Day: December 19, 2004

  • Book: Blue at the Mizzen

    Now that I’ve finished Blue at the Mizzen, Jack Aubrey and Stephen Maturin have sailed off into the sunset. Yes, Norton decided to publish three chapters from the unfinished 21st book which O’Brian was working on before he died in 2000, but a score of novels feels like a tidy sum. I also have lots of other books I want to get to, so while I floated comfortably with the Surprise all this time, I am ready to move on. I own all twenty, and I’ve been known to re-read books from time to time, but for now I’ll let Aubrey sail to his flag and his new fleet off South Africa.

    If you, too, have read them all but find yourself wanting more, you can join the fanatics at The Gunroom, a collection of fervent readers of the canon whose mailing list volume frightened even me, an information junkie. From the FAQ:

    List traffic can be overwhelming — up to a couple hundred messages a day is not unexpected. In fact, heavy volume is the number one reason that people leave the list.

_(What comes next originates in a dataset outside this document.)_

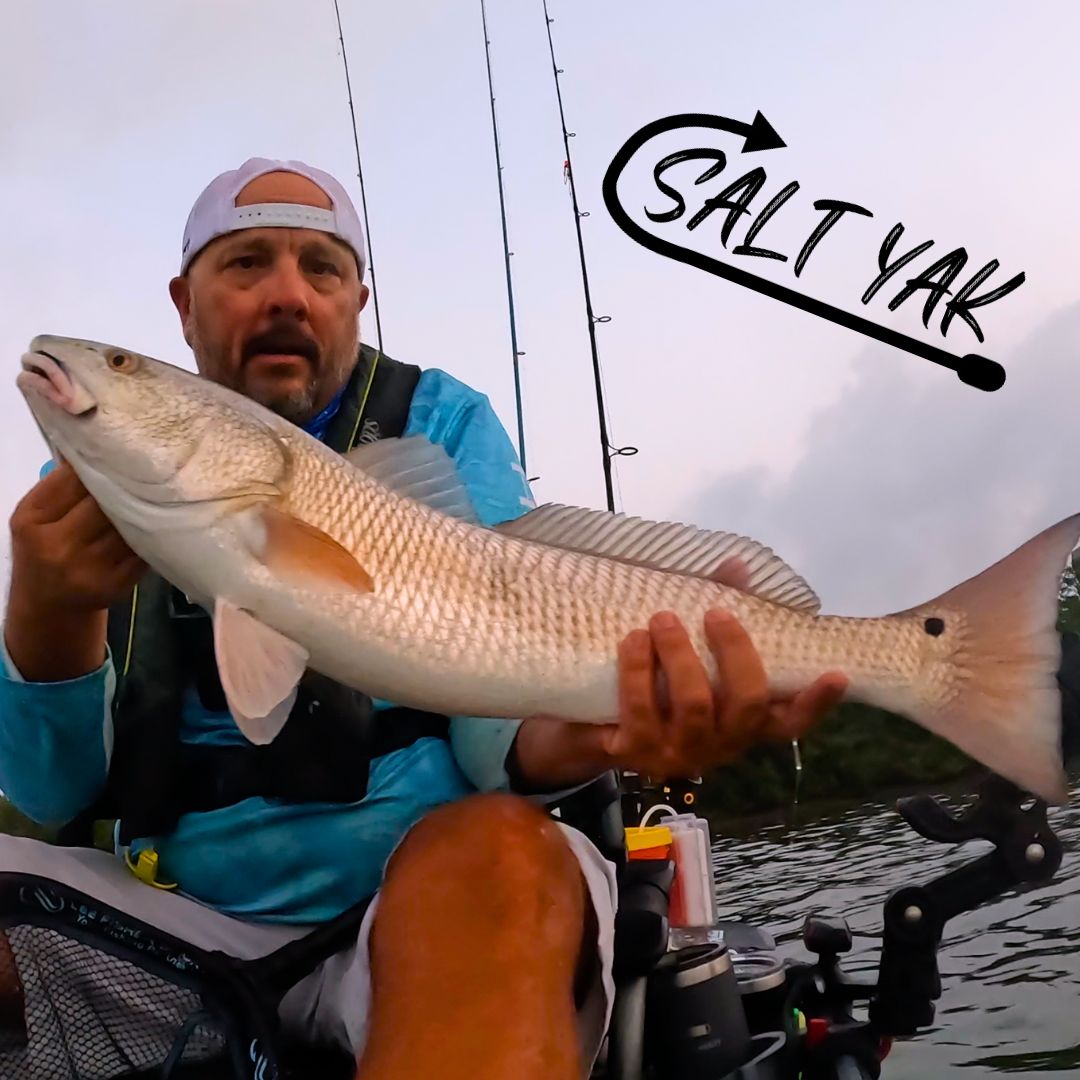 How to Catch Redfish in the Mangroves.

    I subscribed a year or two ago for about two weeks, in digest form, and then turned tail and ran. There is always someone reading and rereading the entire series there, all the better to debate the finer points of spotted dog and the trim of the main topgallant staysail. I should fit right in, having read not only “The Canon” but two of his earlier novels and a biography, but I clearly don’t read with enough intent, beyond escape.

  • Movie: The War Room

    From one documentary to the next, it seems. We watched The War Room last night. Though it felt topical with one presidential election recently finished, the documentary film was made in 1993 about the 1992 campaign of then Governor Bill Clinton. What little I knew about the film boiled down to the idea that there was a big sign saying “It’s the economy, stupid.” on the wall of the campaign office. Well, it was one of the three mantras scribbled on a white board, but hardly the unswerving theme of the film, at least.

    With James Carville and George Stephanopoulos now firmly ensconced as TV personalities, I am left wondering if the 2008 campaign will see either return to the arena of their greatest triumph. Or can they both live off the 1992 campaign for the rest of their lives, as they are doing now? That may not be fair, especially to the younger man (Stephanopoulos). But I turned on a recent TiVoed Daily Show episode right after the film finished and both Carville and Stephanopoulos were in clips from that night’s section on AIDS (just shy of 4 minutes… not sure if they keep their links working over time, so enjoy it now). Stephanopoulos interviewed Senate Majority Leader Bill Frist about AIDS transmission, and Carville (a self-caricature) explained that he knew a lot about masturbation. Nice of him to share, on national (cable) TV. Overall, a reminder that times change, and not everyone get to keep their chair when the music stops.